Work task
Pictures are to be left out; every line from the one with "BMW OE 5A06FC5" through the end of the data must be transcribed exactly.

Given information
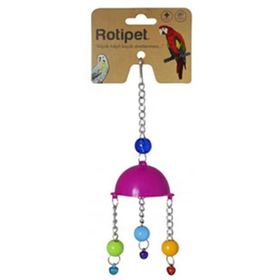 Rotipet Yarım Küre Sarkaç Kuş Oyuncağı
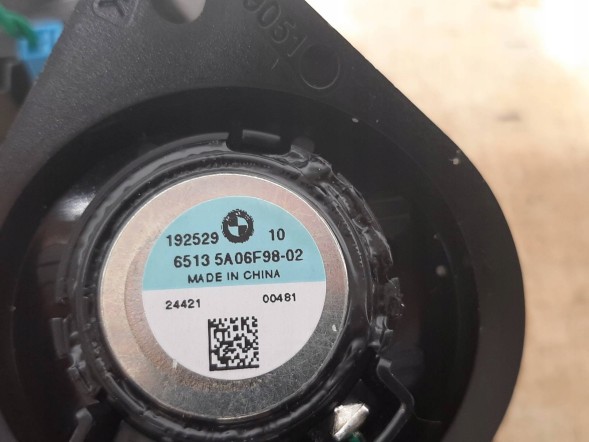 BMW OE 5A06FC5 5A06FC5-03 ROZ ДИНАМІК ЗАВОДСЬКИЙ ОРИГІНАЛ 5A06FC5 5A06FC5-03 BMW X1 U11 III 24R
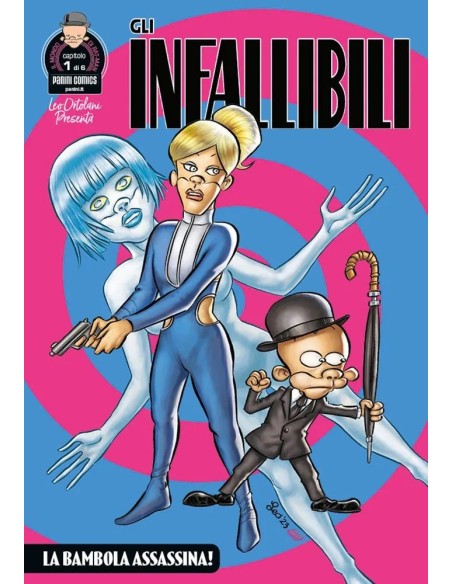 GLI INFALLIBILI 1 RISTAMPA - IL MONDO DI RAT-MAN 20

The completed task
 BMW OE 5A06FC5 5A06FC5-03 ROZ ДИНАМІК ЗАВОДСЬКИЙ ОРИГІНАЛ 5A06FC5 5A06FC5-03 BMW X1 U11 III 24R
 GLI INFALLIBILI 1 RISTAMPA - IL MONDO DI RAT-MAN 20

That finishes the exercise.